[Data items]

- Opening Delimiter -

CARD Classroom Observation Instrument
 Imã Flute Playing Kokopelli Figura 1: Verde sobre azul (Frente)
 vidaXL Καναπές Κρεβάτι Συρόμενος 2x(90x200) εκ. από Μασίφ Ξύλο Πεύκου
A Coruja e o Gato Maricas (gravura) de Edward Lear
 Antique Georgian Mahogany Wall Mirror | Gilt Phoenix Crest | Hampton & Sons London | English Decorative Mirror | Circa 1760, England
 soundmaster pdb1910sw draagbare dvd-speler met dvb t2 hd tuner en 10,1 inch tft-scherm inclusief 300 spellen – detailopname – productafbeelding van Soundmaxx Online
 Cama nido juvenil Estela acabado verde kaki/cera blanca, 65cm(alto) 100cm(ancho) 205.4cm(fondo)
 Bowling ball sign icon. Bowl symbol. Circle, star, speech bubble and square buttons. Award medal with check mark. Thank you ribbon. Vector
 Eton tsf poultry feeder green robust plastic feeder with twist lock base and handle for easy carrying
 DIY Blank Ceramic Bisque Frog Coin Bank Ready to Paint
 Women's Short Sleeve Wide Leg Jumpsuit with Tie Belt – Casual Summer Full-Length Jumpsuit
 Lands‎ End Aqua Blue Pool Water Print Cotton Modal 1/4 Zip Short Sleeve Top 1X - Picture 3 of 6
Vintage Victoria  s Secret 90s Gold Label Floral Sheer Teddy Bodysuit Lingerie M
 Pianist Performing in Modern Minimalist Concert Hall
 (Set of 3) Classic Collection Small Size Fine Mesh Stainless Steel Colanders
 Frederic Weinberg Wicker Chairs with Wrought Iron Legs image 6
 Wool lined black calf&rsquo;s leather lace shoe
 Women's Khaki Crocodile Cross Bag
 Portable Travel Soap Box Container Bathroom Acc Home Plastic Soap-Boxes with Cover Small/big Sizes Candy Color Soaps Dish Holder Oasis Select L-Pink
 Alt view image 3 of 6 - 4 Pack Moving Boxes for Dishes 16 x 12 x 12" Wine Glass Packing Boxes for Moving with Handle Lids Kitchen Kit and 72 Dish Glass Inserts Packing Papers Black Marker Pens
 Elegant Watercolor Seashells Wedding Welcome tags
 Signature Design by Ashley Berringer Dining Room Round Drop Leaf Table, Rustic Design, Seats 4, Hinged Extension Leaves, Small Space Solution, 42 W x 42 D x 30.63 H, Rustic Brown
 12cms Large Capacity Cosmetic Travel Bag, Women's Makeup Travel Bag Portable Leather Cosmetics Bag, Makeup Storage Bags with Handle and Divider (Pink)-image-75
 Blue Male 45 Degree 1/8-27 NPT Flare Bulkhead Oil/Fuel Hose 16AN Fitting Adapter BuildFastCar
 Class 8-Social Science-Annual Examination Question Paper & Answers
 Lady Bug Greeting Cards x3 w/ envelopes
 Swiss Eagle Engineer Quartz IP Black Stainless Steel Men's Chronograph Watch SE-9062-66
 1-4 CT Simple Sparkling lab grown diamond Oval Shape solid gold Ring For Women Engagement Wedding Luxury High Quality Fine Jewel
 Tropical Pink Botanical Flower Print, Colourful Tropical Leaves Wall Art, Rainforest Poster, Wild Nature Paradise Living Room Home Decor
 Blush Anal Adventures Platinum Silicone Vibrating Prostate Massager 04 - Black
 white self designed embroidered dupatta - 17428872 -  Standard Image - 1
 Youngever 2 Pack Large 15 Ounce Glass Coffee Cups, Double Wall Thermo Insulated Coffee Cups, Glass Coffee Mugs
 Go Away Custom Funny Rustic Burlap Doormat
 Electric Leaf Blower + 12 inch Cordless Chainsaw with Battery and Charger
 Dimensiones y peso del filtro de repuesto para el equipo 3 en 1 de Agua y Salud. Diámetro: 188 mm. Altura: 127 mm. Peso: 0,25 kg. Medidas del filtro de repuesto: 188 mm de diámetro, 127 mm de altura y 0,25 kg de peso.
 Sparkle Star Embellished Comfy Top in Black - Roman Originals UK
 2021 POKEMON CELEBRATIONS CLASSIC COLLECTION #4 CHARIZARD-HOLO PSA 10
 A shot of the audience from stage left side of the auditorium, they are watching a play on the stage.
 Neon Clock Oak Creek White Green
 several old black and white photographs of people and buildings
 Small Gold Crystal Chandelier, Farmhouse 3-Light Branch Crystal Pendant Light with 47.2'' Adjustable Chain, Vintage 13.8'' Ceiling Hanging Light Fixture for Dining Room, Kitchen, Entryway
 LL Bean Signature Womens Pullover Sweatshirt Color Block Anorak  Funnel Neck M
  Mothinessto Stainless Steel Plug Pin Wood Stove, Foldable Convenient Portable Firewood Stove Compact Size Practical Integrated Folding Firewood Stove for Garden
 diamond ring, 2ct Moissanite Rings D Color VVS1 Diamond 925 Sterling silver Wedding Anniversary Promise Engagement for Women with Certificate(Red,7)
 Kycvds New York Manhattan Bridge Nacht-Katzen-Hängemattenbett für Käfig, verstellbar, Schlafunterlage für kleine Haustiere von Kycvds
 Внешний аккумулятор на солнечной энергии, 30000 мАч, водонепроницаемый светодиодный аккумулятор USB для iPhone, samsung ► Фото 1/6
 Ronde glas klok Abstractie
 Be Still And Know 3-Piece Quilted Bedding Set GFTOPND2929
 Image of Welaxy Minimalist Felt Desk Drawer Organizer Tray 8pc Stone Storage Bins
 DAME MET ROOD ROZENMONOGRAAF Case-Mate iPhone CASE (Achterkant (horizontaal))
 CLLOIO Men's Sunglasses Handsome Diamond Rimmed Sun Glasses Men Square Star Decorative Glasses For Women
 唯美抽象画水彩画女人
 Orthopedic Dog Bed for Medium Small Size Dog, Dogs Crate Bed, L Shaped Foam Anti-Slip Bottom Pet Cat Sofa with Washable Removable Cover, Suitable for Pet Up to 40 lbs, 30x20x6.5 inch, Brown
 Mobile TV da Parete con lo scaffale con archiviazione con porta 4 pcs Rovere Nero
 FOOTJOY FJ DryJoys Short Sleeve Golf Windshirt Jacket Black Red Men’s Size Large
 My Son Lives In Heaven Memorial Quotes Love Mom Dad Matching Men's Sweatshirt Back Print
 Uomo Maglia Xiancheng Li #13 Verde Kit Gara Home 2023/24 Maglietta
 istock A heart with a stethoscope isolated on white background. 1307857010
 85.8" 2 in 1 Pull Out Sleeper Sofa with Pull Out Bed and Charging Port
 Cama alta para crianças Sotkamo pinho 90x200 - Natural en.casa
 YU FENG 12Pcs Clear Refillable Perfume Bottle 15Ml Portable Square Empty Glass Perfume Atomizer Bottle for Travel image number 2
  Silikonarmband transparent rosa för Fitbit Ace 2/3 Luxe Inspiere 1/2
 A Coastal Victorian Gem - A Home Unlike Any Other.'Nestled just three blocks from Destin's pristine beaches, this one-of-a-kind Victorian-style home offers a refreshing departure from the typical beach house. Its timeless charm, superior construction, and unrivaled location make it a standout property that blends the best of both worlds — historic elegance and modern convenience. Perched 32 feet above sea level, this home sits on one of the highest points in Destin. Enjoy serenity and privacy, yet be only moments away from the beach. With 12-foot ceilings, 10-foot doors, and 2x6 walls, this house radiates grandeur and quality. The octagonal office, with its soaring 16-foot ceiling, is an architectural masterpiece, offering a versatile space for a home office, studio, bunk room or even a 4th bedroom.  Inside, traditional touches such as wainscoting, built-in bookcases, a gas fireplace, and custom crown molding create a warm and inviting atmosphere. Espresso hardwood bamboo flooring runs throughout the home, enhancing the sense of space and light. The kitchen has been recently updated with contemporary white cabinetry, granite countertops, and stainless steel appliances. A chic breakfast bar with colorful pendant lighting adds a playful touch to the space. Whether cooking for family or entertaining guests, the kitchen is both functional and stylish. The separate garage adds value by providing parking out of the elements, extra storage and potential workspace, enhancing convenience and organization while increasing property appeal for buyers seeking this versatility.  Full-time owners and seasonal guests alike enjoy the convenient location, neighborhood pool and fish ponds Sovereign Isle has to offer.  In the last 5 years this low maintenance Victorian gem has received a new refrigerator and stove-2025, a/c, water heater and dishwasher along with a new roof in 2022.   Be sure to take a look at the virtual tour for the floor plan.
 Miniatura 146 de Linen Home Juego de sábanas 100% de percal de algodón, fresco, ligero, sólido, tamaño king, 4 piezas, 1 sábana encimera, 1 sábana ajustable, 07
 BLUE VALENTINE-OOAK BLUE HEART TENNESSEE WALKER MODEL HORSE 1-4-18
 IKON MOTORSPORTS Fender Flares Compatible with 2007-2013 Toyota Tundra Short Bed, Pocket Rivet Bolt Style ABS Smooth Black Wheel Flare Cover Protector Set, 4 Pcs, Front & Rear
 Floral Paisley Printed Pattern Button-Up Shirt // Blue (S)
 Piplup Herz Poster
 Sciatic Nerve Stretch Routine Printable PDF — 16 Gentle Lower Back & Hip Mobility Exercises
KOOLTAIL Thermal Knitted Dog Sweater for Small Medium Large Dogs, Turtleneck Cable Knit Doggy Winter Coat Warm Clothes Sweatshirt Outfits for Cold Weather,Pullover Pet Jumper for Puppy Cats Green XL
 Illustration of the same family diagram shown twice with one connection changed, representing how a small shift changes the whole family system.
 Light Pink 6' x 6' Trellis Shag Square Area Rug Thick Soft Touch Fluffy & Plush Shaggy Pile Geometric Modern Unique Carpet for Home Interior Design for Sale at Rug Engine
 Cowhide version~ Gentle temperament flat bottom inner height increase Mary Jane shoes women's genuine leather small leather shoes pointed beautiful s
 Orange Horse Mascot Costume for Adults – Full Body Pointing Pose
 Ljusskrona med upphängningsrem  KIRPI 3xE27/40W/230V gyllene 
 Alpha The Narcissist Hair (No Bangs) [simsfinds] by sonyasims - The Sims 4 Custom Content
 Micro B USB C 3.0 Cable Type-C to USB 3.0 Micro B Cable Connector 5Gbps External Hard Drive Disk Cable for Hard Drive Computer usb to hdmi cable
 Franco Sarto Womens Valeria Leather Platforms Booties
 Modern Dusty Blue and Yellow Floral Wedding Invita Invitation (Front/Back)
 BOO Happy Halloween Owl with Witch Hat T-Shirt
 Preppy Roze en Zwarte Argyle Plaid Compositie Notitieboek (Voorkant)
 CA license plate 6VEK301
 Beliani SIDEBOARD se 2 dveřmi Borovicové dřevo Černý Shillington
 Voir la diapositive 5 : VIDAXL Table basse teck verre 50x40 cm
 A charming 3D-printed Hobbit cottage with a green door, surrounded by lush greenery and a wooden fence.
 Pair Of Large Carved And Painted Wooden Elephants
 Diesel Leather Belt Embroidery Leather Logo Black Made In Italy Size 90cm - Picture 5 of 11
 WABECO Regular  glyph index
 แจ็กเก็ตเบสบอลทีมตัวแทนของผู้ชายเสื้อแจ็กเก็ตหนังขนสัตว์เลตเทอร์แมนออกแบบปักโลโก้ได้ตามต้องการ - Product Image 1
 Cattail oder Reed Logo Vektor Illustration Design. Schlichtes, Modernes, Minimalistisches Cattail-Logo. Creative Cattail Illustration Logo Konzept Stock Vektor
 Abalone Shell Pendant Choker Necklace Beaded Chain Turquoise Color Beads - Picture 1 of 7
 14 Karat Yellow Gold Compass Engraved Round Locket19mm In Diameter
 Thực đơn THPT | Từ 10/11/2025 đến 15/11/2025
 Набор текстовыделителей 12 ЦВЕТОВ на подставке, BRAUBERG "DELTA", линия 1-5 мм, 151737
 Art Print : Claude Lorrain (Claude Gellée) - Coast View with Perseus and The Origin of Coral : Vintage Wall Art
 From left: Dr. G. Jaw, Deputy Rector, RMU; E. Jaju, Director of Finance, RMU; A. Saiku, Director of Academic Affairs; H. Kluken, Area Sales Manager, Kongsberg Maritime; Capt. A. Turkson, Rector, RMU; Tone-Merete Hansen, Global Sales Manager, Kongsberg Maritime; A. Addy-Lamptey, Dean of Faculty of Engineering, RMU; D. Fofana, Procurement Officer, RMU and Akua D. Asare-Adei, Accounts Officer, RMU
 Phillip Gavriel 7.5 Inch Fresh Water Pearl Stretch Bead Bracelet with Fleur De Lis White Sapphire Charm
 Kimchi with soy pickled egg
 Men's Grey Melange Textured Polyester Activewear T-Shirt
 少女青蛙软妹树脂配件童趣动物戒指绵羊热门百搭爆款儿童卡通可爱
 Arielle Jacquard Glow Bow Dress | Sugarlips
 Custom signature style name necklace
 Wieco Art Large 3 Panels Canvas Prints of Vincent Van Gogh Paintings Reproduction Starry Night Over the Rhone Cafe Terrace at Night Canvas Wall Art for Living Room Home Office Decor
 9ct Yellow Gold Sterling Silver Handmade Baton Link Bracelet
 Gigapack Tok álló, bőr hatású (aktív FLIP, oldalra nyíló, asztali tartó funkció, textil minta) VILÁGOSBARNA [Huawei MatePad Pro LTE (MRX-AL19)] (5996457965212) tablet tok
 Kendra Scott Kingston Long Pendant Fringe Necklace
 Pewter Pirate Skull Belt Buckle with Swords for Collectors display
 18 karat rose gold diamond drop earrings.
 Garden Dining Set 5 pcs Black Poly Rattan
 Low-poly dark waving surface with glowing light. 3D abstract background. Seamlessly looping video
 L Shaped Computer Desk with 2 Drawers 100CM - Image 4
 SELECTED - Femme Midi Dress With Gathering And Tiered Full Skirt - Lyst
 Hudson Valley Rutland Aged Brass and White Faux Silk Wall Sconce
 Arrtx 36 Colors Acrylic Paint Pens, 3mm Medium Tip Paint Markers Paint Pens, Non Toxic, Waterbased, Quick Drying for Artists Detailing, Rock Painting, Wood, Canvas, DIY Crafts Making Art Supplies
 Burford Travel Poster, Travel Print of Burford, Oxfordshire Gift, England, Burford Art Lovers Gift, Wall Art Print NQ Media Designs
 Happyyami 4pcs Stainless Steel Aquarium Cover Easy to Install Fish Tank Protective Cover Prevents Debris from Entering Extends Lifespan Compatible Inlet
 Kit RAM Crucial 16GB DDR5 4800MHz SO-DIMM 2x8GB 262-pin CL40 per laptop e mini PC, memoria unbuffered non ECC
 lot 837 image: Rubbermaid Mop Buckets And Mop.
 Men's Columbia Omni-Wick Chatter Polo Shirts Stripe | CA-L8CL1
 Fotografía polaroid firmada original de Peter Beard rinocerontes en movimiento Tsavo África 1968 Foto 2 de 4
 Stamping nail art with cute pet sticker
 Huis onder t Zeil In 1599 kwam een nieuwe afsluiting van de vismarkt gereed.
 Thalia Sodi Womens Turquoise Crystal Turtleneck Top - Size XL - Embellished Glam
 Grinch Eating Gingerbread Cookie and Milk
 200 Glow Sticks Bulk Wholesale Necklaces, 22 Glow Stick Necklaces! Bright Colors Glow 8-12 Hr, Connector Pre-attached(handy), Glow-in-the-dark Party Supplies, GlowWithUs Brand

- Closing Delimiter -

* _YOUR ASSIGNMENT_: Please go through the data above and copy every line that has the word "Connector".

* _ANSWER SPACE_:
 Micro B USB C 3.0 Cable Type-C to USB 3.0 Micro B Cable Connector 5Gbps External Hard Drive Disk Cable for Hard Drive Computer usb to hdmi cable
 200 Glow Sticks Bulk Wholesale Necklaces, 22 Glow Stick Necklaces! Bright Colors Glow 8-12 Hr, Connector Pre-attached(handy), Glow-in-the-dark Party Supplies, GlowWithUs Brand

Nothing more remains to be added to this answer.